In case you didn't click on the link and read another entire story, here's a quote for you:

John McClain, who covers the Texans and the N.F.L. for The Houston Chronicle, offered his reason on Twitter for voting for Cushing again: “I vote Kevin Williams All-Pro every year knowing he tested positive. I voted for Peppers in ’02.”

Maybe we would see an MLB writer say this (look up Buster Olney's thoughts on steroids and the Hall of Fame sometime...as a writer who gets a vote for the Hall of Fame, he's actually campaigning AGAINST his having a vote and the way we judge those guilty or suspected of taking steroids) but that writer is a clear oddity, not the norm. Cushing kept his award, meaning that voters like John McClain were indeed of the prevailing mindset. Why such a discrepancy between two popular American sports? The answer: a multi-layered reality check that numerous baseball fans have refused to undertake.

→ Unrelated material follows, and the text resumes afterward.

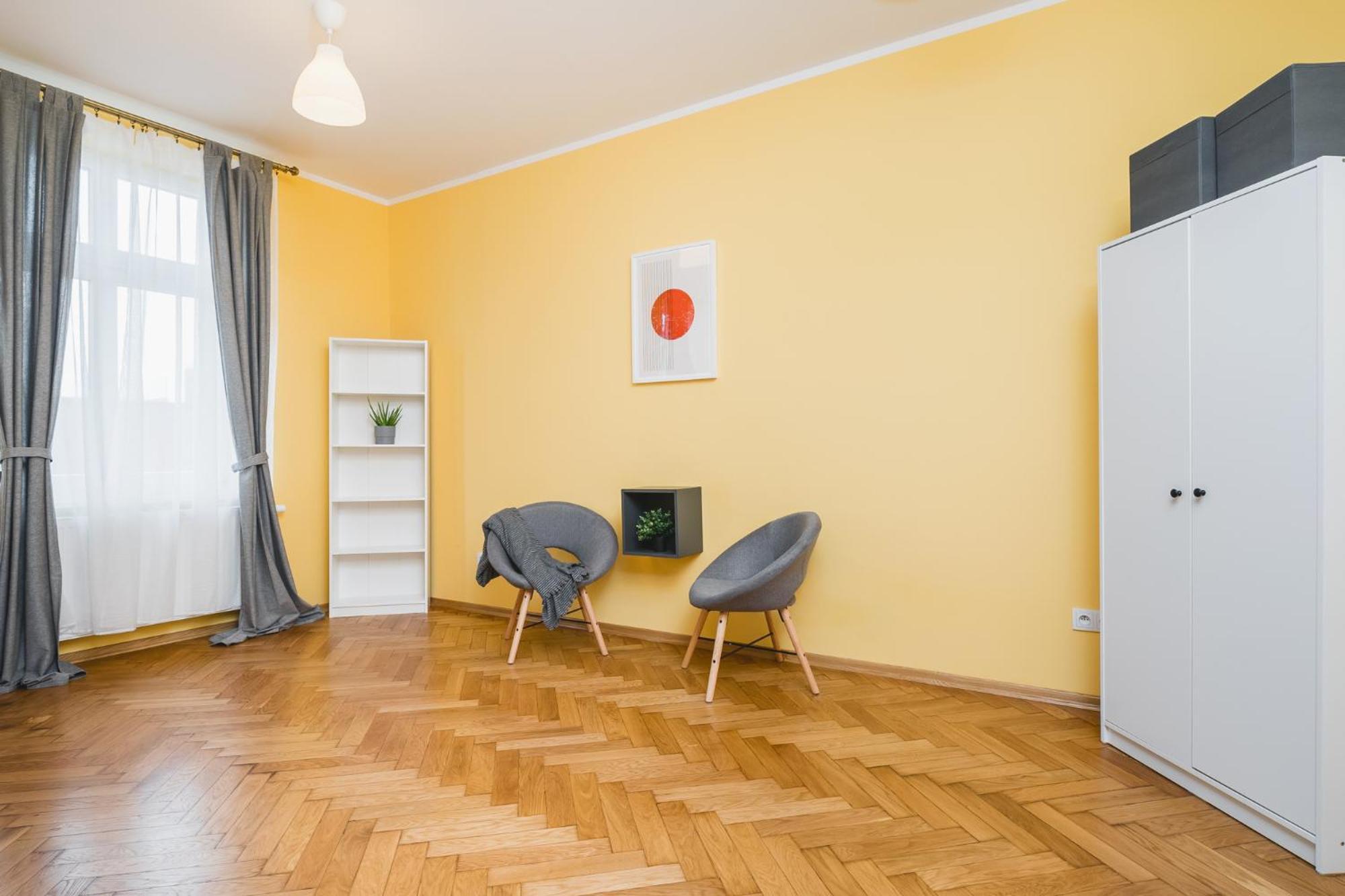 Modern Urban Escape - Old Town Apartment - By Upstairs Krakow Bagian luar foto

Personally, I respect the NFL writers' re-vote and would've done the same thing myself. Why pretend that something isn't going on and then acting like a moral authority when you definitively find out that it is? Baseball writers LOVED guys like McGwire when they were saving baseball (everyone knew McGwire was taking andro, which is a baby step away from steroids...it was often reported on and NOBODY CARED. Why the sudden moral high ground years after the fact?) yet bastardized them once they could no longer ignore the facts and the realization that steroids were much bigger than just a few guys. But honestly, shouldn't we care LESS once we find out it's a bigger problem? If only a few guys are doing it, then you're given an uneven playing field. If a vast majority are doing it, you're back to even again (or as close as you might get). And that's where the NFL writers get it. They know what goes on but they accept, and even embrace, the fact that people love watching large, fast men run at each other and knock the living crap out of each other. We accept it because it's an even playing field, just like baseball has been.

Right now, if anyone is actually reading this, you're probably a little fired up and thinking about what a complete moron I am. It's possible that I am (actually likely) but I stand by the fact that the Steroid Era should not just be blackballed from baseball history. No, steroids should not just be embraced going forward. It's good that baseball is finally on top of it and working on their testing and ridding the game of PEDs. But the past DID happen and those guys were still very talented ballplayers. Embrace their performance based on the fact that they were competing against guys doing the same questionable things to get better. Sure, there are home run numbers that are skewed.

But let's compare players the way we should--in comparison to those around them. Players of past eras played without blacks or latinos, on speed, on crack...the list goes on of the different things that changed the conditions under which players played. So instead of living in the past and pretending like all of these cross-generational comparisons based on home runs and RBIs really make sense, let's evaluate players in comparison to how they dominated the era in which they played. The NFL gets it. Hopefully Major League Baseball can take a couple of hints and move the game into a new golden age.